The Mongol Empire Hardcover – 30 Sep 2016



When Chinggis Khan ascended the pulpit of a mosque in Bukhara, Muslims across the world viewed the Mongols as a punishment sent by God for their sins. Yet, within a hundred years the Mongols were largely Muslim rulers and Islam had spread into new territories even as Muslim merchants dominated most of the trade routes, including China. How did this occur and what caused such an about face that transformed three-quarters of the Mongol Empire into an Islamic empire? This book seeks to answer these questions while examining the Mongol Empire's interactions with Muslims from its inception to its fall. During this period the Mongol Empire was transformed from an empire that conquered and then ruled Muslims to an empire that used Islamic forms of authority and legitimacy.
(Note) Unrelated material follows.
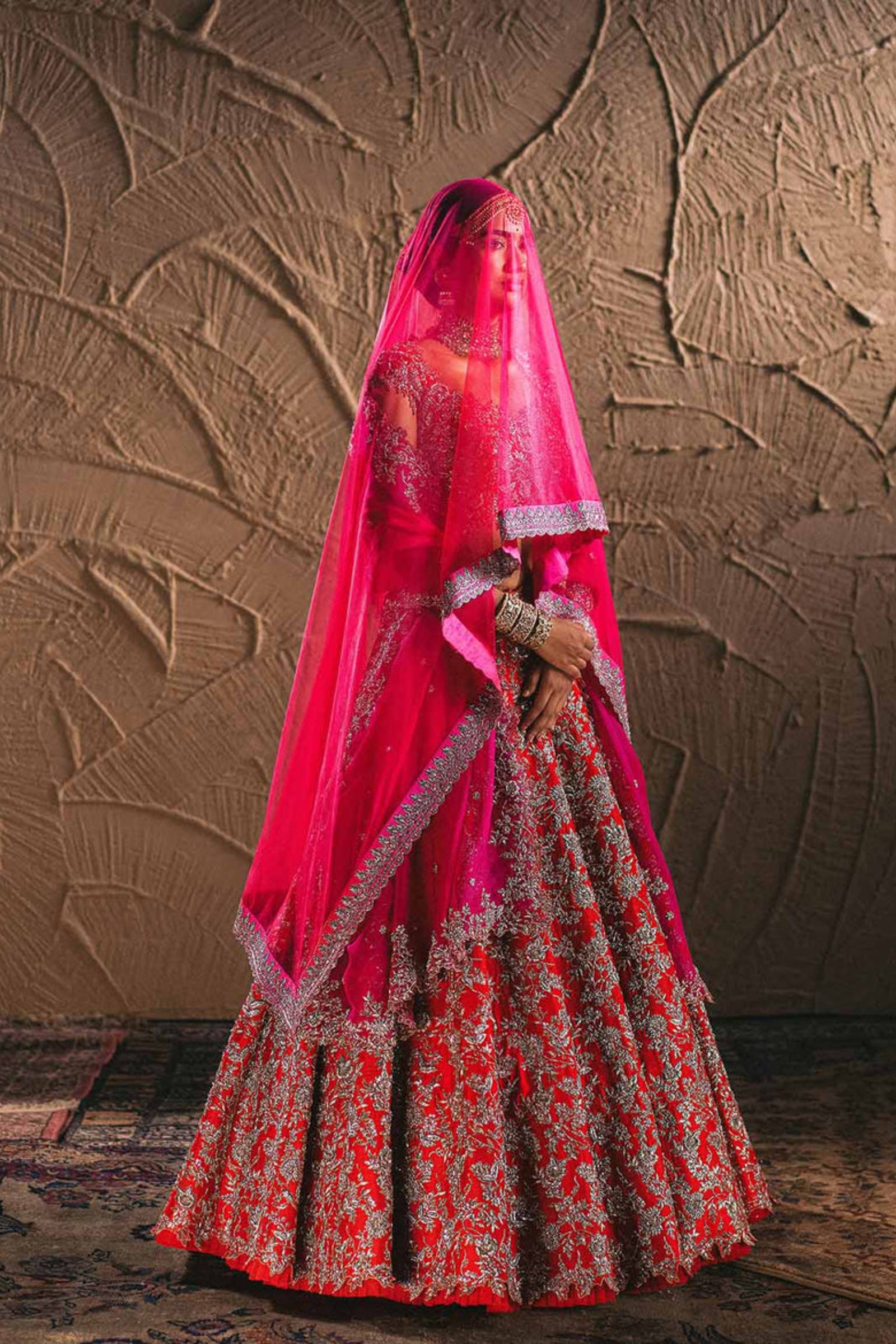 Pink Organza Gold Embroidered Lehenga Set Design by Anushree Reddy at  Pernia's Pop Up Shop 2024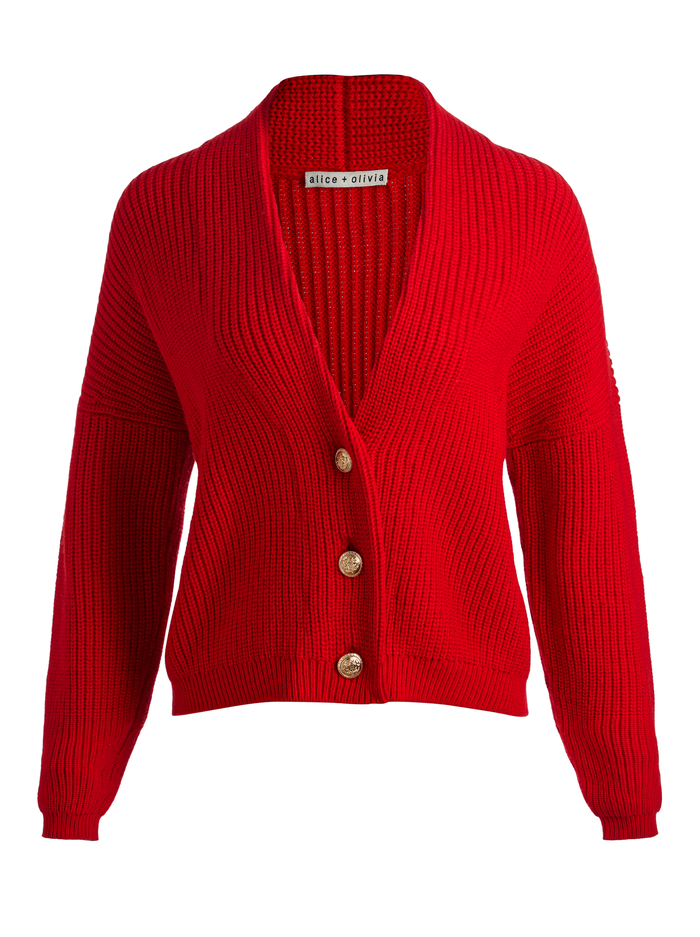 HOLDEN FOLDBACK CARDIGAN - PERFECT RUBY image 5 - Alice And Olivia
The Empire promoted Islamic sciences and art and assisted the spread of ideas and goods through the Pax Mongolica and the Silk Road. While attention is given to the political and military history of the Mongols, this book also examines the empire from the perspective of its subjects, particularly its Muslim inhabitants. Furthermore, it examines the empire as an entity that changed through time and compares how the ecology, economics, religion, and the Chinggisid dynasty affected all portions of the empire.


Timothy May is Department Head and Associate Professor of Central Eurasian and Middle Eastern History at North Georgia College and State University. He is the author of The Mongol Art of War: Chinggis Khan and the Mongol Military System (2007) and Culture and Customs of Mongolia (2009).